▸ Work request:
When the line containing "للاستفسار *********** ." appears in the data below, begin copying there and stop only after the line containing "PORSCHE 718 Cayman GTS 4.0 PDK-image-1".

▸ Listed records:
——————————

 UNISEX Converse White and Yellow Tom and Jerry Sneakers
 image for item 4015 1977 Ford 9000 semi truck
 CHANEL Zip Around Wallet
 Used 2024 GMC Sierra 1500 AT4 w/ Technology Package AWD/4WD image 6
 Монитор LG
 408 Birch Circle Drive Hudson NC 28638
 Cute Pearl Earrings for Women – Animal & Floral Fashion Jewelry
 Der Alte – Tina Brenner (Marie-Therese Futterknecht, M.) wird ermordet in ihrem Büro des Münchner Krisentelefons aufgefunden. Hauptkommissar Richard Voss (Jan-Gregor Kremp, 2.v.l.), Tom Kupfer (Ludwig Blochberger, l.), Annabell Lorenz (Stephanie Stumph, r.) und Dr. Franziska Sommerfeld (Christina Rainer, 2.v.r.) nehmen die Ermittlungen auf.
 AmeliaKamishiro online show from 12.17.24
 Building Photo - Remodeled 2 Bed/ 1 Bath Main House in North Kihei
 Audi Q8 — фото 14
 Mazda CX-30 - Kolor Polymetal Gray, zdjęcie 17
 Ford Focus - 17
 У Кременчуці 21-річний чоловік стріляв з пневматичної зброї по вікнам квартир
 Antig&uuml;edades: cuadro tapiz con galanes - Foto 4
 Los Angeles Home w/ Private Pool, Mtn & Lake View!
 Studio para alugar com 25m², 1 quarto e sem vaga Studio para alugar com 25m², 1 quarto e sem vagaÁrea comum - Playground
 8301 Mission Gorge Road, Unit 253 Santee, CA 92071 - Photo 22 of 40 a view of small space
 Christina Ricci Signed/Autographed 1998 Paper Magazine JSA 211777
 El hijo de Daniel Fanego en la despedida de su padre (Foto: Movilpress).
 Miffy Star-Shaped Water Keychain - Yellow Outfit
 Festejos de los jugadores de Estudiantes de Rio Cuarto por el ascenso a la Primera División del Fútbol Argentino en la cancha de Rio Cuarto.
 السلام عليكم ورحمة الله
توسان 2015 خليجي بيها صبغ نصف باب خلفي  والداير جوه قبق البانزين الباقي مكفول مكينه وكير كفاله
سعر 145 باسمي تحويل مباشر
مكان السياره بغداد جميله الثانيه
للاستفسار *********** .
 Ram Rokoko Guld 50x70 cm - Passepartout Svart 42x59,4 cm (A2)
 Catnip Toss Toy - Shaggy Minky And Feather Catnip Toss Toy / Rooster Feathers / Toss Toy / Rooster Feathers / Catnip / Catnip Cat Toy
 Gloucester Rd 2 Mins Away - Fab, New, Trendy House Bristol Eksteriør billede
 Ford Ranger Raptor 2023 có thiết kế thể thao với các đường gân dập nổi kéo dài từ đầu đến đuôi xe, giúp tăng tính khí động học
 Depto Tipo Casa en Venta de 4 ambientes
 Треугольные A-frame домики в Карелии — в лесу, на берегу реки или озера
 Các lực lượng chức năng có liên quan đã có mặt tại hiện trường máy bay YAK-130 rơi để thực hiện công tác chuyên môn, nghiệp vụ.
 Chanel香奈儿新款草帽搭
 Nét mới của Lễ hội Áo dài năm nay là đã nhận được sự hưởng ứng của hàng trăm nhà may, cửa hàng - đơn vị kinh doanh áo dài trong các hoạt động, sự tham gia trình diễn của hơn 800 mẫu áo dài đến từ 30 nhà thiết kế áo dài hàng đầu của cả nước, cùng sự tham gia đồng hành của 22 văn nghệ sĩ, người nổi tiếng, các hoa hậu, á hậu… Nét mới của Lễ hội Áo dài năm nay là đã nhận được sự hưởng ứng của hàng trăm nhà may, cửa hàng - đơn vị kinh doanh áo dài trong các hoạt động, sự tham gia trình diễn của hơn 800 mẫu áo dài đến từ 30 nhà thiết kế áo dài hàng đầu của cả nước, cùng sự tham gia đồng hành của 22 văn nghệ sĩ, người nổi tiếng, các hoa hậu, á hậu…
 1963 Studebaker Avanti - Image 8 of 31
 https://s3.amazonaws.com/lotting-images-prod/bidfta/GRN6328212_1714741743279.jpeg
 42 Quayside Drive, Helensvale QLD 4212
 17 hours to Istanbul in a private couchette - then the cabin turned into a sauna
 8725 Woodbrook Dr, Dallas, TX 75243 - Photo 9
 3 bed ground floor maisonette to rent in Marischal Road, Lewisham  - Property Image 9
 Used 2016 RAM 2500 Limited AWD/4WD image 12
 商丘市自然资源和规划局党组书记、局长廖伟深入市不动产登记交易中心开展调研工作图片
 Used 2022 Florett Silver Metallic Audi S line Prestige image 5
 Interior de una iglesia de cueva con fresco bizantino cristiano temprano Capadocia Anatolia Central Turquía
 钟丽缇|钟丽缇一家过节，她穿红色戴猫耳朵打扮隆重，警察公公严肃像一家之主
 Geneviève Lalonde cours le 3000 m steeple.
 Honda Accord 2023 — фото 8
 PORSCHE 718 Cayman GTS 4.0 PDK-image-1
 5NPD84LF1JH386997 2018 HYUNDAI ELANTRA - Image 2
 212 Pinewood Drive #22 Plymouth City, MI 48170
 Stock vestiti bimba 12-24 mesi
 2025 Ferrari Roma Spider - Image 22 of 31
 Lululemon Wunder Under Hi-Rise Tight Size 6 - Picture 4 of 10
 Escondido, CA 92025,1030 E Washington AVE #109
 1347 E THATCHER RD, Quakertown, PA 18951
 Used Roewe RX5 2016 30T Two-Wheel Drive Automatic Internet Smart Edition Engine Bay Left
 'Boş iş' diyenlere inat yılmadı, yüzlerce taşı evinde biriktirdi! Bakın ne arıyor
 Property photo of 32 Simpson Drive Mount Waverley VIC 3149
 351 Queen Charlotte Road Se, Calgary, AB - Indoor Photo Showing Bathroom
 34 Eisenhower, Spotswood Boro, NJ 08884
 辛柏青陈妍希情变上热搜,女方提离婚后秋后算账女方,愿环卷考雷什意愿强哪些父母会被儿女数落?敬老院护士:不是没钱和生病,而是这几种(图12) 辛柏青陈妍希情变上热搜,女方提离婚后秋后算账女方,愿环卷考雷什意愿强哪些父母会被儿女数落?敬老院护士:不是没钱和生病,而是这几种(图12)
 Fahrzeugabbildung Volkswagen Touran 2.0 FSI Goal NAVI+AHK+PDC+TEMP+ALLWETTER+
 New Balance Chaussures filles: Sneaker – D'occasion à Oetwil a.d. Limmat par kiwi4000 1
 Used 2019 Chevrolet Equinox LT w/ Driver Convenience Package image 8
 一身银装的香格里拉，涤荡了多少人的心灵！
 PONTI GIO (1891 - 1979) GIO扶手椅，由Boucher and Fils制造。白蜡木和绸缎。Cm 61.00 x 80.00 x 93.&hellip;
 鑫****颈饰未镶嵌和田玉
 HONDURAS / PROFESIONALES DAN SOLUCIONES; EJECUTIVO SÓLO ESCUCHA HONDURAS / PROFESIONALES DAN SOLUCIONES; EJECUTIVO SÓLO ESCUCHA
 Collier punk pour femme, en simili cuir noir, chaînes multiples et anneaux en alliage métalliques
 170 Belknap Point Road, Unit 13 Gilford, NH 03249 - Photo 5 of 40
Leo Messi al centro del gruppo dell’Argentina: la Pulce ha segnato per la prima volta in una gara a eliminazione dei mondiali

——————————

▸ Written response:
للاستفسار *********** .
 Ram Rokoko Guld 50x70 cm - Passepartout Svart 42x59,4 cm (A2)
 Catnip Toss Toy - Shaggy Minky And Feather Catnip Toss Toy / Rooster Feathers / Toss Toy / Rooster Feathers / Catnip / Catnip Cat Toy
 Gloucester Rd 2 Mins Away - Fab, New, Trendy House Bristol Eksteriør billede
 Ford Ranger Raptor 2023 có thiết kế thể thao với các đường gân dập nổi kéo dài từ đầu đến đuôi xe, giúp tăng tính khí động học
 Depto Tipo Casa en Venta de 4 ambientes
 Треугольные A-frame домики в Карелии — в лесу, на берегу реки или озера
 Các lực lượng chức năng có liên quan đã có mặt tại hiện trường máy bay YAK-130 rơi để thực hiện công tác chuyên môn, nghiệp vụ.
 Chanel香奈儿新款草帽搭
 Nét mới của Lễ hội Áo dài năm nay là đã nhận được sự hưởng ứng của hàng trăm nhà may, cửa hàng - đơn vị kinh doanh áo dài trong các hoạt động, sự tham gia trình diễn của hơn 800 mẫu áo dài đến từ 30 nhà thiết kế áo dài hàng đầu của cả nước, cùng sự tham gia đồng hành của 22 văn nghệ sĩ, người nổi tiếng, các hoa hậu, á hậu… Nét mới của Lễ hội Áo dài năm nay là đã nhận được sự hưởng ứng của hàng trăm nhà may, cửa hàng - đơn vị kinh doanh áo dài trong các hoạt động, sự tham gia trình diễn của hơn 800 mẫu áo dài đến từ 30 nhà thiết kế áo dài hàng đầu của cả nước, cùng sự tham gia đồng hành của 22 văn nghệ sĩ, người nổi tiếng, các hoa hậu, á hậu…
 1963 Studebaker Avanti - Image 8 of 31
 https://s3.amazonaws.com/lotting-images-prod/bidfta/GRN6328212_1714741743279.jpeg
 42 Quayside Drive, Helensvale QLD 4212
 17 hours to Istanbul in a private couchette - then the cabin turned into a sauna
 8725 Woodbrook Dr, Dallas, TX 75243 - Photo 9
 3 bed ground floor maisonette to rent in Marischal Road, Lewisham  - Property Image 9
 Used 2016 RAM 2500 Limited AWD/4WD image 12
 商丘市自然资源和规划局党组书记、局长廖伟深入市不动产登记交易中心开展调研工作图片
 Used 2022 Florett Silver Metallic Audi S line Prestige image 5
 Interior de una iglesia de cueva con fresco bizantino cristiano temprano Capadocia Anatolia Central Turquía
 钟丽缇|钟丽缇一家过节，她穿红色戴猫耳朵打扮隆重，警察公公严肃像一家之主
 Geneviève Lalonde cours le 3000 m steeple.
 Honda Accord 2023 — фото 8
 PORSCHE 718 Cayman GTS 4.0 PDK-image-1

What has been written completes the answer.